セレンの欠乏症と過剰症について
セレン欠乏症になると、筋肉痛、不整脈、爪の変色、貧血、心筋障害、動脈硬化、甲状腺の機能低下などを誘発される。経口摂取ができず、高カロリー輸液のみで栄養を補っている患者では、特に欠乏しやすい。京大病院の症例でも、セレンが欠乏し、上記の如き症状を呈したため、セレン注射剤が含まれた点滴を行ったものと思われる。
セレン過剰症では、まず脱毛、嘔気、嘔吐、下痢、脱力感を訴えることが多い。さらに病状が増悪すると、吐血、急性腎不全、肝機能障害、神経障害を引き起こすことになる。京大病院における女性患者の背中の痛みは、心筋障害が誘発されたことによるものと推察される。
また最近のサプリメント、特に外国からの輸入品では、含有成分量は不確かな製品も見受けられるため、過量服用しないよう心がけることが必要である。

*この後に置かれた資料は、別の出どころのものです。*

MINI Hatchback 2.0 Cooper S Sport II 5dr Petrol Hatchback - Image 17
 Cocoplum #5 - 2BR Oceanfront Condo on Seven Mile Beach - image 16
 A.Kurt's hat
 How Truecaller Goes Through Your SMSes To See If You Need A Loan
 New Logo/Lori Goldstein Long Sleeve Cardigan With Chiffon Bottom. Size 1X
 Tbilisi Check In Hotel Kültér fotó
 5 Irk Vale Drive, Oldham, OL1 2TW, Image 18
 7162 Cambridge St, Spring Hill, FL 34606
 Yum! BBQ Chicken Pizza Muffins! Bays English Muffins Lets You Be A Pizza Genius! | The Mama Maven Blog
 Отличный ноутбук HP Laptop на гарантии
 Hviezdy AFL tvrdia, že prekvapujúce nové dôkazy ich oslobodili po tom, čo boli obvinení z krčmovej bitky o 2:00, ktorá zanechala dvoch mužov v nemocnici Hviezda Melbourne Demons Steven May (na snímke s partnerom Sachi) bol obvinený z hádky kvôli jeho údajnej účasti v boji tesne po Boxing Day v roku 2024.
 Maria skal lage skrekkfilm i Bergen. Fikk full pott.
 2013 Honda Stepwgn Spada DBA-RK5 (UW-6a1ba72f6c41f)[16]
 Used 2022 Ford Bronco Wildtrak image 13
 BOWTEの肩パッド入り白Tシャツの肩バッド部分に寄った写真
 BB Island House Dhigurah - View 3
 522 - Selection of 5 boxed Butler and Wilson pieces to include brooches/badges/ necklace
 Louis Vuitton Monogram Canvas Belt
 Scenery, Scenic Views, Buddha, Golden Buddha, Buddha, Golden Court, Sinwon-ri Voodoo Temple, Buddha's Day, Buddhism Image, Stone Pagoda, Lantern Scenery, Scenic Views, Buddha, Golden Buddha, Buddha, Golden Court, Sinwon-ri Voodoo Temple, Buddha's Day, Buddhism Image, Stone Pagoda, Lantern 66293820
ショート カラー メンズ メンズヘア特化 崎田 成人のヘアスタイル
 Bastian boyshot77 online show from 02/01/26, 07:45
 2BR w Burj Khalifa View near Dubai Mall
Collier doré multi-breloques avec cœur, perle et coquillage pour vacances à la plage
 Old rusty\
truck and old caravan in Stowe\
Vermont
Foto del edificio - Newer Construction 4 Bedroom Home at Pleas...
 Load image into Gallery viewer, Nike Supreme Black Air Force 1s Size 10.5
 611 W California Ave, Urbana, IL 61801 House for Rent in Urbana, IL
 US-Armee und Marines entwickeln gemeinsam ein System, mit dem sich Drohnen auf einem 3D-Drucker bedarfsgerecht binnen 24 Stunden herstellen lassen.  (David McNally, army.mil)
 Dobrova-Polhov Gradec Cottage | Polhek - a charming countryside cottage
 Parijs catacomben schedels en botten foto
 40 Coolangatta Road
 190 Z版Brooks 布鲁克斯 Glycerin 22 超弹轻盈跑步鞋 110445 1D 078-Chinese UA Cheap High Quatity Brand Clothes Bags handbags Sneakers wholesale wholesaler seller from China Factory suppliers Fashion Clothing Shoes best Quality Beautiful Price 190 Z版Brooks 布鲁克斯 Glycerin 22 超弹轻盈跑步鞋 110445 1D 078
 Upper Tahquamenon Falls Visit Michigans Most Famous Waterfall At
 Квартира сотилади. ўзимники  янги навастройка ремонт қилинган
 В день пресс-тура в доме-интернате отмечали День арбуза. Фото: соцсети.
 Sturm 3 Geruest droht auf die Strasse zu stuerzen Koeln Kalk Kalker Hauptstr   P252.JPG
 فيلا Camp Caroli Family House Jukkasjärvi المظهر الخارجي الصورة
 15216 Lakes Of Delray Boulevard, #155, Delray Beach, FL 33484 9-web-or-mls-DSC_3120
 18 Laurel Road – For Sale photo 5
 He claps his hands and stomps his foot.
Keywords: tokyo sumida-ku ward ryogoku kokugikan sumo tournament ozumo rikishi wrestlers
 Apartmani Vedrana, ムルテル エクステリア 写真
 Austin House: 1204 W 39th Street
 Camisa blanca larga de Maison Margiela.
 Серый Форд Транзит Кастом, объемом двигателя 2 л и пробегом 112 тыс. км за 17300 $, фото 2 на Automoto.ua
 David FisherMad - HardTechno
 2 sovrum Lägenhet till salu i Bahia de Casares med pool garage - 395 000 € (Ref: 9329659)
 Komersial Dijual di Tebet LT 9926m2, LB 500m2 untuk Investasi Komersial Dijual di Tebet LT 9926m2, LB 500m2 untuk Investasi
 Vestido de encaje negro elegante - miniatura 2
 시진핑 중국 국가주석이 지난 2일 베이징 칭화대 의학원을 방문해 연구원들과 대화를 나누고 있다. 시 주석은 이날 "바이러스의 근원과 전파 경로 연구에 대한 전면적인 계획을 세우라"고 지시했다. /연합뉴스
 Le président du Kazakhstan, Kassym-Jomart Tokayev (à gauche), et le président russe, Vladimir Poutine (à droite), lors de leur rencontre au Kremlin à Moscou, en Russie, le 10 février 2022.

医療スタッフの判断ミスが重大な患者への悪影響を及ぼす
急性薬物中毒は、向精神薬や化学薬品などの大量服用により引き起こされ、個々の患者およびそれにかかわる医療スタッフ、特に治療する医師がともに密接に接することにより、未然に対策を講じることも可能である。
しかし、院内製剤の調整に関する医療ミスは、患者サイドでは防ぎようがないのが現状である。医療施設での製剤の調整工程やスタッフの厳重な教育・管理が必要であろう。